Nigeria's government on Wednesday denied claims that Boko Haram militants abducted 60 women and children from the country's restive northeast, saying there was no evidence despite eyewitness testimony.

Government spokesman Mike Omeri told a news conference in Abuja that there was "nothing on the ground to prove any act of abduction, as reported."

A local government official in the Damboa district of Borno, a vigilante leader and an area senator on Monday all said the women and girls, some as young as three, were taken during a raid on Kummabza village in the last week.

Nigeria's military initially did not confirm or deny the abduction and Borno governor Kashim Shettima on Monday ordered an urgent probe, highlighting a recent reported abduction of at least 20 nomadic women from the same area.

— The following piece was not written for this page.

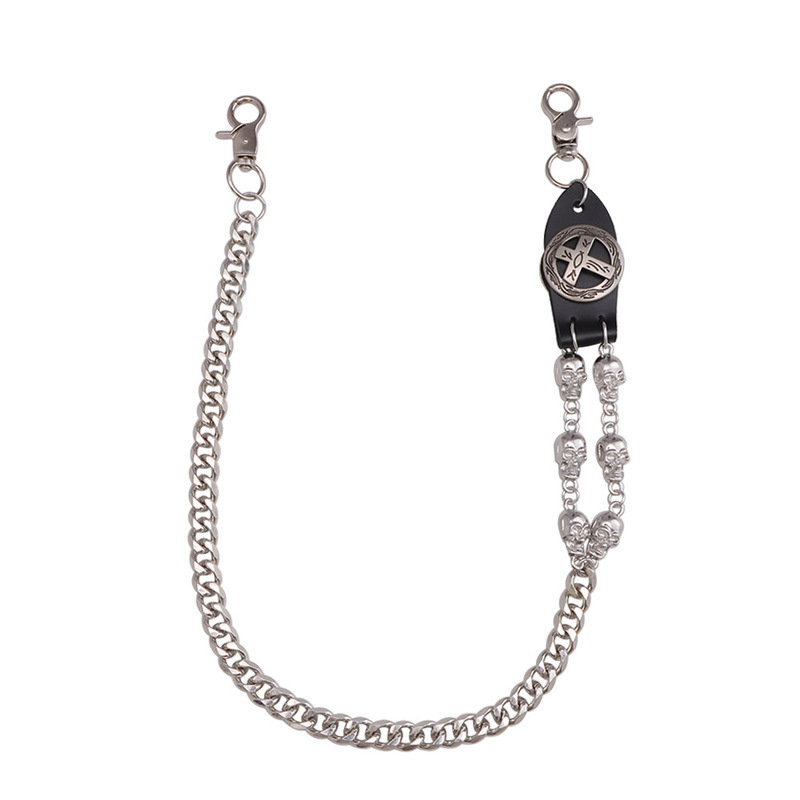 多層パンツチェーン レザークロス スカルチャーム ウエストチ - Body Jewelry Charms のレビューと価格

Shettima said he was cautious because of subsequent counter-claims that the women had in fact moved elsewhere in the state as part of migration patterns among ethnic Fulani cattle breeders.

Omeri claimed that Shettima had established "that there were no sufficient facts on the alleged abduction", adding: "We hereby wish to state that based on available facts before us there was no abduction of 60 persons in Borno state."

Residents from Kummabza and the surrounding villages attacked over three days from last Thursday, however, said they could not understand the denial.

"This is happening. I can't understand why they would say that. It has been confirmed," one man, who asked for his name to be withheld, told Agence France Presse.

Establishing facts on the ground is notoriously difficult in northeast Nigeria, which has been hard hit by five years of violence at the hands of the heavily armed militant group.

Mobile phone networks have been downed and there are few functioning landlines, while travel between towns and villages is fraught with the danger of attack. Often news of attacks takes days to emerge.

Independent corroboration of claims is also hard to come by, with the police and security services also unable to move freely because of dangerous conditions.

Nigeria's government was heavily criticized for its slow response to the mass abduction by Boko Haram militants of more than 200 schoolgirls from the town of Chibok, also in Borno, on April 14, that triggered global outrage.

The military claimed in the days after the kidnapping that most of the girls had escaped, while President Goodluck Jonathan's wife, Patience, alleged that the abduction was a fabrication by her husband's political rivals to smear him.

The military's claim was soon retracted.

Police in Borno said that 276 girls were kidnapped and that 53 escaped in the days following the attack. On May 28, the authorities said that four more girls than previously thought had escaped, leaving 219 still held hostage.

The figures were confirmed in a report submitted to the government by a presidential fact-finding committee this week.